For the first time in 15 years, Arkansas is not under a court order to improve its schools or the prospect of such an order. The Arkansas Supreme Court, which said it was satisfied and even thrilled with the government’s progress on public education, relinquished the Lake View case Thursday.
That is good news, but it can be bad news, too. It has taken direct orders from the high court or a trial court to persuade the state legislature and the governor to address the clear mandates of the state Constitution, which is that the government must guarantee an adequate and equal education for all Arkansas children. Without the judicial sword poised above them, will the leaders go back to business as usual, which is to make education the last rather than the first priority of the state?
A Supreme Court order in the Alma school case in 1983 to equalize funding among Arkansas schools produced the big education program that autumn at a special legislative session called by Gov. Bill Clinton.

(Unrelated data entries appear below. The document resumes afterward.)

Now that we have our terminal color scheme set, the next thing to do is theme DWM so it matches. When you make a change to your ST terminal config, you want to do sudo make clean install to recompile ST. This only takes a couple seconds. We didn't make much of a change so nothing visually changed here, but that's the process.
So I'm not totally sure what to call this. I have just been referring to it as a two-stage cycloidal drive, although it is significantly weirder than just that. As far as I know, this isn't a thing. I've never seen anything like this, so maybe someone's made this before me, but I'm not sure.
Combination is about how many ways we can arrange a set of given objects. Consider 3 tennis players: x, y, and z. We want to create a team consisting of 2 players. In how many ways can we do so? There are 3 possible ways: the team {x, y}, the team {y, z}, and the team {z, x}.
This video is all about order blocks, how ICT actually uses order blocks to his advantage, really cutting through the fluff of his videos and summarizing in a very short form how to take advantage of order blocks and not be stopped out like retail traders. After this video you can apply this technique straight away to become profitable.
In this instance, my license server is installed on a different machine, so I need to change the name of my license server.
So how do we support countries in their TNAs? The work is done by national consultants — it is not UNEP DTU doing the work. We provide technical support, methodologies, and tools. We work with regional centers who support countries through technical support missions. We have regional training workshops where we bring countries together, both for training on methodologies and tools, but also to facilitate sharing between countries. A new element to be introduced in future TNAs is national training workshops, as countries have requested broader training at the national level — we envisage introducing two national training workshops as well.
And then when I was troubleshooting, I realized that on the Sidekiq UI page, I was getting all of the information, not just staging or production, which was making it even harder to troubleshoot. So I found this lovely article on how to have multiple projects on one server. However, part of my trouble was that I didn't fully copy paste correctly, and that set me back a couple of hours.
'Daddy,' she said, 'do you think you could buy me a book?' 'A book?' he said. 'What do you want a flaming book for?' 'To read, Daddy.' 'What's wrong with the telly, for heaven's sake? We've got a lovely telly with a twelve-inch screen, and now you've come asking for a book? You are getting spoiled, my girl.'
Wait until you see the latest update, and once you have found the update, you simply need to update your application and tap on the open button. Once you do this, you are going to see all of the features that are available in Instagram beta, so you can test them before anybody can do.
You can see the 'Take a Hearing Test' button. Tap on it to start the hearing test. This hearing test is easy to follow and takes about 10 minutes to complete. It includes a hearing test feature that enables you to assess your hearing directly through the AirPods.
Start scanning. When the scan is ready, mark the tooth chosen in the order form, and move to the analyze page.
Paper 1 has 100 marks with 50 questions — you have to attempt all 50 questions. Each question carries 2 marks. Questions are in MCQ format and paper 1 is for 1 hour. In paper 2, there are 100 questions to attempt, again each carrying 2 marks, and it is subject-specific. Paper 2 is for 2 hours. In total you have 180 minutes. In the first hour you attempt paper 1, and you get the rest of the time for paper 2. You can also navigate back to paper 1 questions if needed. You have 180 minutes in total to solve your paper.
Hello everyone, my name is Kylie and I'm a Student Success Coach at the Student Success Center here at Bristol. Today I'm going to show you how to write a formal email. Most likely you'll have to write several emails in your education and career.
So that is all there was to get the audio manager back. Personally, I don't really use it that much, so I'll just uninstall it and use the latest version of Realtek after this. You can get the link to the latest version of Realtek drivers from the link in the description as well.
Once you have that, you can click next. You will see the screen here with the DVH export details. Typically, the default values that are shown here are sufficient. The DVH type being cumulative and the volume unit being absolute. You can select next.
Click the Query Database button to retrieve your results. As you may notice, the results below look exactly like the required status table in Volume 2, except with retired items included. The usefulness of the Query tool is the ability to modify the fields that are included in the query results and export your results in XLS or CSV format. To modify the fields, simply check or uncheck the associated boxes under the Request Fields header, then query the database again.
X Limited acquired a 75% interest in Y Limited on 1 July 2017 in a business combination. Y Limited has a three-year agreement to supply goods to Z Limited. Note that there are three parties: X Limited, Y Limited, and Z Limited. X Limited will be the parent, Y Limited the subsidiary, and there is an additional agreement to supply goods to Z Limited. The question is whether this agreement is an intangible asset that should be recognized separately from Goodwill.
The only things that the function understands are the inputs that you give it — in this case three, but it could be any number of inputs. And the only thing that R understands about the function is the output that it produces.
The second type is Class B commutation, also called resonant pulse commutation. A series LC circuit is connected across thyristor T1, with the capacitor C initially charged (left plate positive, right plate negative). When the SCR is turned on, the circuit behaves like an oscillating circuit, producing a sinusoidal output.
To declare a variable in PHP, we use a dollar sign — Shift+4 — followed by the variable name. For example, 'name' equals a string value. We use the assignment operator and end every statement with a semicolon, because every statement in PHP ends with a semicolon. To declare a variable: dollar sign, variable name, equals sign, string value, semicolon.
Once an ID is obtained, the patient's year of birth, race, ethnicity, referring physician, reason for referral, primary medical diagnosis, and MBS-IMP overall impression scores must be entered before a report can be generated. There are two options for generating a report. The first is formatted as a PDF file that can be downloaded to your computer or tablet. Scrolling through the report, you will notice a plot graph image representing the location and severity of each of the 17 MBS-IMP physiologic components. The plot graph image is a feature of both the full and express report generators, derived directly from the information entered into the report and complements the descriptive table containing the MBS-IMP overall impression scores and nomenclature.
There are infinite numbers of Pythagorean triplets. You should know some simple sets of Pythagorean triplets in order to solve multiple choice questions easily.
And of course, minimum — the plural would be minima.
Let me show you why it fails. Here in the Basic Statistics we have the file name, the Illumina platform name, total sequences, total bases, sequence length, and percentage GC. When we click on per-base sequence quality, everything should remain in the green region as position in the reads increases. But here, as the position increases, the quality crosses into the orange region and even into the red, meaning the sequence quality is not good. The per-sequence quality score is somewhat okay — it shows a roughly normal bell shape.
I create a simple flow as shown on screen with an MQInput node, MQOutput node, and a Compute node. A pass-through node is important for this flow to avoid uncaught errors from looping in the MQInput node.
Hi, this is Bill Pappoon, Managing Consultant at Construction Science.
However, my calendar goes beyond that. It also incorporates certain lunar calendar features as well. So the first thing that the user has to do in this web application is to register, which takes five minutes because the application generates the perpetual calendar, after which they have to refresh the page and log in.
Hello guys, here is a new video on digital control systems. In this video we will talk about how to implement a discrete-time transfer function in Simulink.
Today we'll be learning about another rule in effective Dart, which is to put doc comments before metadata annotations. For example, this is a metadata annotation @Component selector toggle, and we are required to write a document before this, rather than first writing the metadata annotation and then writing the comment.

It produced some new taxes for education, higher standards for schools, and reforms in the distribution of state aid. A 1994 trial court order in the Lake View case produced a constitutional amendment to redirect and equalize school funding. The Supreme Court’s 2002 order to equalize and elevate the schools produced a raft of reforms over five years, as the Supreme Court kept withdrawing its mandate and putting new pressure on lawmakers and the governor. In a few years we will know the real worth of what they all did.
It was the Supreme Court’s persistence in living up to its constitutional duty in the face of political and sometimes popular fury that brought us to this point. It was, as school attorney David Mathews said, a high point in Arkansas’ judicial history. For a few years at least, the memory of that devotion to the Constitution should be enough to keep the legislature and the governor on task. Let us hope.